**Exercise brief:**
The listing below contains a span that opens with the line containing "A icon Logo" and closes with the line containing "Triumph TR3 1-デリジェ". Return that span exactly.

**Supplied material:**
——

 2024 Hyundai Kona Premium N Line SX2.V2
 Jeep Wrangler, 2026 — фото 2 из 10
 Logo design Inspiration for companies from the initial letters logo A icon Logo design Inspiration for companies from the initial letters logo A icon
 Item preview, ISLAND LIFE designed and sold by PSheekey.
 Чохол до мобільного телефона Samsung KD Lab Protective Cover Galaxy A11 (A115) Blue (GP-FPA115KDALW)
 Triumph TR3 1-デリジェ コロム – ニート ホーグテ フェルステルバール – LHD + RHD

——

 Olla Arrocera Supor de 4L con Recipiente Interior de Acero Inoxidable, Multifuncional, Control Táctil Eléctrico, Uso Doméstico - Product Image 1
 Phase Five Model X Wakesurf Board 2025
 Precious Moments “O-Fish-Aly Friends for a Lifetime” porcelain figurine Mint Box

——

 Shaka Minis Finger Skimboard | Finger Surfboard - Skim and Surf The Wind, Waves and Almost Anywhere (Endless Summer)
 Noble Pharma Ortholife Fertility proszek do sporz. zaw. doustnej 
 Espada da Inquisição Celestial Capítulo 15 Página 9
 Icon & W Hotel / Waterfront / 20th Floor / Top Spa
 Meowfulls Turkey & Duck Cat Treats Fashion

——

**Answer box:**
 Logo design Inspiration for companies from the initial letters logo A icon Logo design Inspiration for companies from the initial letters logo A icon
 Item preview, ISLAND LIFE designed and sold by PSheekey.
 Чохол до мобільного телефона Samsung KD Lab Protective Cover Galaxy A11 (A115) Blue (GP-FPA115KDALW)
 Triumph TR3 1-デリジェ コロム – ニート ホーグテ フェルステルバール – LHD + RHD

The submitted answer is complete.